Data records
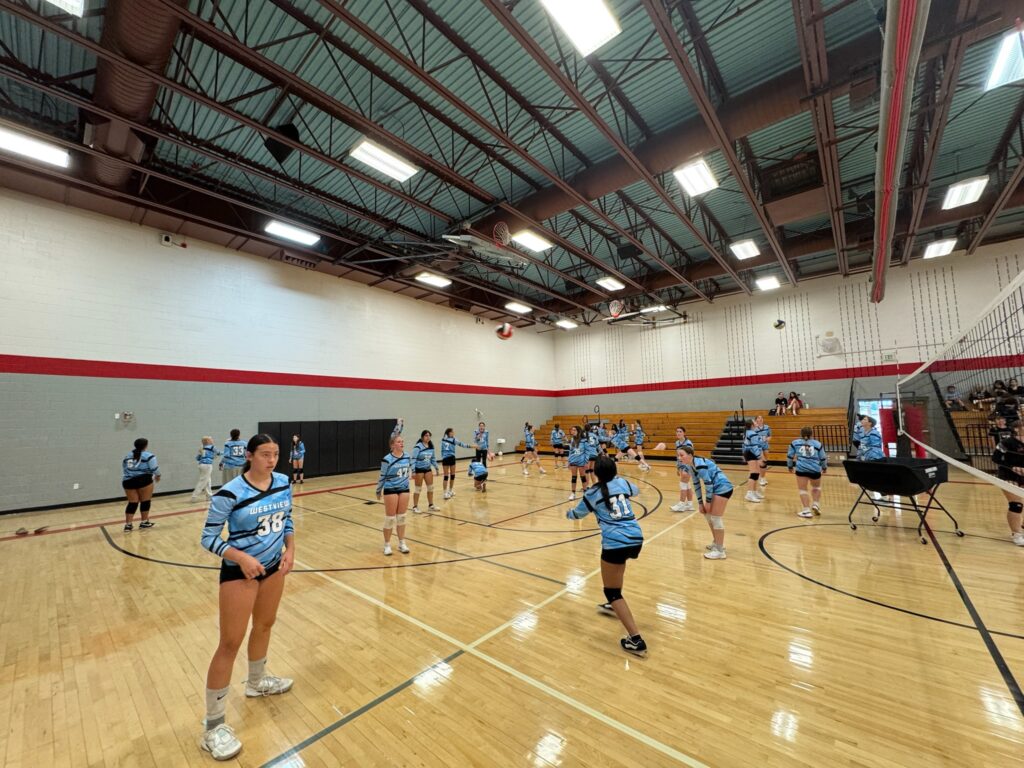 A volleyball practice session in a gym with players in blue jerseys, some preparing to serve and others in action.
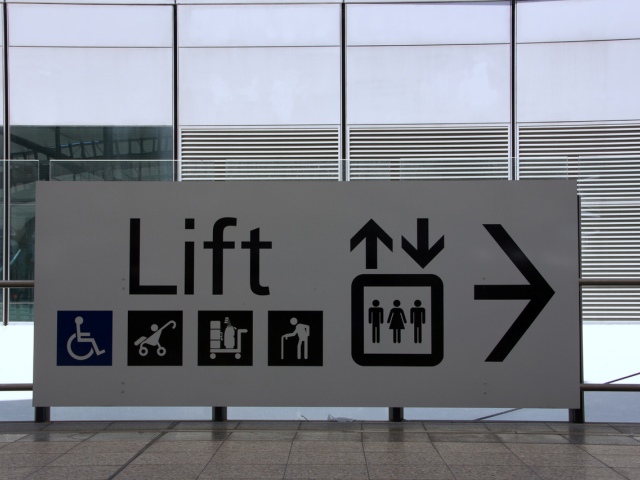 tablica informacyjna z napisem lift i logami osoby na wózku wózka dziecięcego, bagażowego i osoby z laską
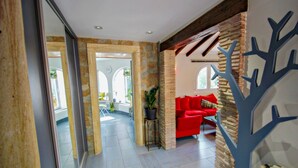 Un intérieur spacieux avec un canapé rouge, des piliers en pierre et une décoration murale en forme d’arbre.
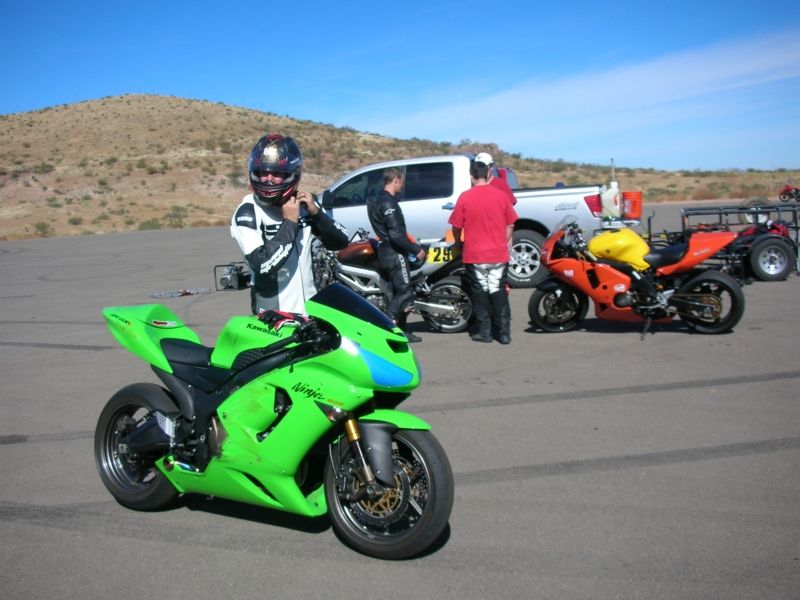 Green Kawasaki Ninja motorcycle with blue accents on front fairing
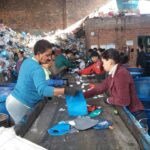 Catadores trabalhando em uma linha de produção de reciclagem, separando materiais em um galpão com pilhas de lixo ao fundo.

§ **WORK ITEM**
From the first line to the last, output the records exactly without pictures.

§ **SOLUTION FOR THIS PROBLEM**
 A volleyball practice session in a gym with players in blue jerseys, some preparing to serve and others in action.
 tablica informacyjna z napisem lift i logami osoby na wózku wózka dziecięcego, bagażowego i osoby z laską
 Un intérieur spacieux avec un canapé rouge, des piliers en pierre et une décoration murale en forme d’arbre.
 Green Kawasaki Ninja motorcycle with blue accents on front fairing
 Catadores trabalhando em uma linha de produção de reciclagem, separando materiais em um galpão com pilhas de lixo ao fundo.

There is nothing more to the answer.